Despite arguing that Zionism isn’t correct or incorrect based on how many Jews support it, Magid spends time discussing how many younger Jews have negative impressions of Israel. Pointing out the complexities of geopolitics and how it vexes Jewish youth, Magid writes, “Israel is a complicated place for younger generations of Jews, especially but not only in America. Jews under the age of 50 do not know Israel other than as an occupying power. “ As the Post article shows, this is an accurate assessment of many young Jews’ understanding of Israel. These facts represent a two-fold  problem, but not a failure of Zionism. Obviously, Jewish communal institutions need to do a better job educating young Jews. The number of young people (and not only the young) who think, for example, that Israel randomly decided to start ethnically cleansing Sheikh Jarrah, not realizing the complex history of court cases and titles and contested ownership, is astounding. Magid is correct in that the Zionist organizations have, by and large, not yet been able to properly educate other Jews about what Zionism means, but that is somewhat beside the point. The second part of the problem is the anti-Zionists themselves, many of them Jewish, who spread misinformation. One who knows nothing of Israel but what they read in the often anti-Semitic Jewish Currents will have a very skewed view indeed.

In truth, anti-Zionists aren’t being condemned as “not properly Jewish” or “not real Jews,” at least not often. Even the articles Magid linked to were for the most part not calling Jewish anti-Zionists “bad Jews” or “not real Jews.” It is telling that the article Magid quoted that most illustrates his complaints was written in large part by Natan Sharansky, the heroic Soviet Jew who spent nine years as a political prisoner in the USSR. On the other hand, this article only called anti-Zionists “indecent” and argued that anti-Zionism is anti-Semitism. Indeed, this is the biggest criticism of the anti-Zionists, whether they are Jews or not: anti-Semitism.

Perhaps it seems odd that here a group of Jews and a specifically Jewish publication are characterized as anti-Semitic. Anti-Zionism is anti-Semitism, at least in practice, even when the anti-Zionist has fond feelings for the Jewish people. As noted above, struggling for the abolition of the Jewish state either endangers (for Israelis) or removes the possibility of escape to (for Jews living precarious lives in oppressive states) safety for the majority of the world’s Jewish community. An ideology should be characterized by its results. In theory, Maoism sounds nice and egalitarian; in practice it is a death cult. Anti-Zionism has many iterations in theory, but in practice would lead to millions of dead or oppressed Jews living with dhimmi status. Magid writes in his essay, “I want to take the argument about anti-Zionism being antithetical to one’s Jewishness seriously.” He should take more seriously the argument that anti-Zionism is antithetical to millions of Jewish lives; he would then have a better understanding of why many Jews frown upon anti-Zionists.

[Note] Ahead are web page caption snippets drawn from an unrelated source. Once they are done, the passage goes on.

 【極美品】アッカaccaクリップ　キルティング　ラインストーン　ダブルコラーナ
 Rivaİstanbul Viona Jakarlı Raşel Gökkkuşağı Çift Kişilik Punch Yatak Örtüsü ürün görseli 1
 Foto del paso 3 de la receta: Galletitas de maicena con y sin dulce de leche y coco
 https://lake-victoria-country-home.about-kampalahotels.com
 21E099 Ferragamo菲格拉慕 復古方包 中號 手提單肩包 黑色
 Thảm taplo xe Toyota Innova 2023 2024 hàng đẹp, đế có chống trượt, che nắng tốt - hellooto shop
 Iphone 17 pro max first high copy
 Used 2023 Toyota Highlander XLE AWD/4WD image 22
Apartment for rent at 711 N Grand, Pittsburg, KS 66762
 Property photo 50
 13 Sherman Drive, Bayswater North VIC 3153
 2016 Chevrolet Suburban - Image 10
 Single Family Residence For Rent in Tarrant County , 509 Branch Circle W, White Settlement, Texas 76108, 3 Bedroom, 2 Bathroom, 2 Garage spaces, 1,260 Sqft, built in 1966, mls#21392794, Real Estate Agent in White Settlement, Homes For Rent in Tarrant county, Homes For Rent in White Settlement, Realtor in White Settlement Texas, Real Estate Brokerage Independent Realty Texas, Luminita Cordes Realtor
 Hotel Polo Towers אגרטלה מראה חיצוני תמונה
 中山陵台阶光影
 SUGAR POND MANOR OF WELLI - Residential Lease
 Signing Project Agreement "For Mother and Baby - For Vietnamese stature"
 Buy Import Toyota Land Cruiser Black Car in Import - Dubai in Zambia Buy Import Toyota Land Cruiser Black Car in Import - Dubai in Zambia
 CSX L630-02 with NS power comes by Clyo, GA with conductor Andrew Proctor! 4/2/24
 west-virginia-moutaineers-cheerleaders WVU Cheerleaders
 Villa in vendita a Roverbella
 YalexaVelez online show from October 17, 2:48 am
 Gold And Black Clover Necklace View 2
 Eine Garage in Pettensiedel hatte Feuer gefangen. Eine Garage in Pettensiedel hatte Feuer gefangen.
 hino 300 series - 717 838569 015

Maybe this is what offends the Jewish anti-Zionist the most, the idea that they are themselves engaged in anti-Semitism, even if they are descended, as is Norman Finkelstein, from Holocaust survivors, even if they are themselves stellar Jews (however that is interpreted). This is not a concept  unique to the Jewish community. One of the most popular left-wing writers on racism, Ibram Kendi, for example, makes the argument that Black people can in fact be racist, and they do so each time they support a racist policy. You can agree or disagree with Kendi on systemic racism and which policies are racist, but here his argument is sound: if you support policies or ideologies that are racist, you’re being a racist. And, analgously, if you support anti-Semitic ideologies, you’re being an anti-Semite, regardless of how good of a Jew you are.

Maybe that is what is most troubling to left-wing anti-Zionists.